A U.S.-Saudi Defense Deal Now Is a Bad Idea for Both Sides
Timing is political, not strategic

Thomas Friedman reports in the New York Times: “the Biden team has worked out virtually all the details for a U.S.-Saudi defense alliance that would also include normalization of relations between Israel and Saudi Arabia — provided that Netanyahu would agree to embark on negotiations for a two-state solution.”
What’s the hurry? And what’s the downside?
The “Biden team” has an urgent deadline—they want a deal they can announce before Election Day, a concrete diplomatic achievement to show to voters. And they want Saudi help keeping gas prices low, and headline inflation numbers declining, between now and the election. That might help Vice President Harris’s chances of prevailing over President Trump in the election.
Netanyahu could also benefit politically from a Saudi-Israel peace deal, but he also knows that after October 7, 2023, the “two-state solution”—a Palestinian Arab state alongside Israel—is more remote of a possibility than it had been before, because Israelis see a Palestinian state as a security threat. And Netanyahu is sophisticated enough about American politics to realize the risk of alienating Republicans by doing anything that looks like a last-minute favor to the Biden-Harris administration.
For the Saudis, giving a last-minute boost to Biden and Harris risks alienating Trump. It could increase the chance that Trump, if elected, tosses the deal out the window. The first-term Trump pulled out of the Iran nuclear deal that the Obama-Biden administration had painstakingly negotiated. Trump also renegotiated the North American Free Trade Agreement with Canada and Mexico. If there’s anything Trump can be counted on to do, it’s scrapping deals he considers lousy that were negotiated by previous administrations.
So why wouldn’t the Saudis just wait until after November’s U.S. election? The claim is that somehow Biden would be better than Trump at getting two-thirds approval from the Senate to ratify a deal. Yet it took Biden months to get the Senate to pass funding for Ukraine and Israel. Putting Saudi Arabia under the American defense umbrella on a formal basis, with a presidential campaign under way, might be more challenging, even for Biden, who never tires of telling people that his achievements in passing legislation are in a league with President Franklin Roosevelt and Lyndon Johnson.

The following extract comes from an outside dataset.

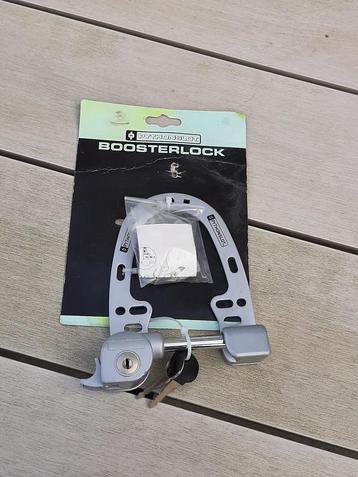 Boosterslot beschikbaar voor biedingen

For treaties to outlast the politicians who signed them, they need to reflect some underlying national interests or values. In the case of Saudi Arabia, Israel, and the U.S., they have a common enemy in the Islamic Republic of Iran. Yet while Saudi Arabia has made progress toward modernization, it remains unfree and undemocratic. For Biden and Harris to run around claiming democracy is on the ballot in 2024 and that election is about freedom (which they define as abortion rights), while also saying let’s pledge the U.S. to defend the Saudi monarchy doesn’t exactly ring true. The Republican Party of 2024, meanwhile, is focused on defending the U.S. southern border, not Saudi Arabia.
There are instances when a political timeline or opportunity can lead to a deal with lasting value—the Abraham Accords, for example. But there are other moments when last-ditch, last-hour presidential diplomacy is either vindictive or simply fails to bear fruit.
In assessing the chances of a breakthrough, it’s worth considering that, at least for the next few months, the one thing that might serve Kamala Harris and Saudi Arabia nearly as well as a U.S.-Saudi-Israel deal is the ability to blame Benjamin Netanyahu for the lack of one. Until the American voters have their say in November, that fallback might have to suffice.
If such a deal seems to make sense after the American election, there will be plenty of time to tackle it then. But jamming it through now risks tainting it as an act of political desperation rather than national interest. America, after all, has survived nearly 250 years without a formal defense alliance with Saudi Arabia. We can make it for a few more months. If Biden thought it was such an important deal, he should have gotten it done at the beginning of his administration rather than in its waning days.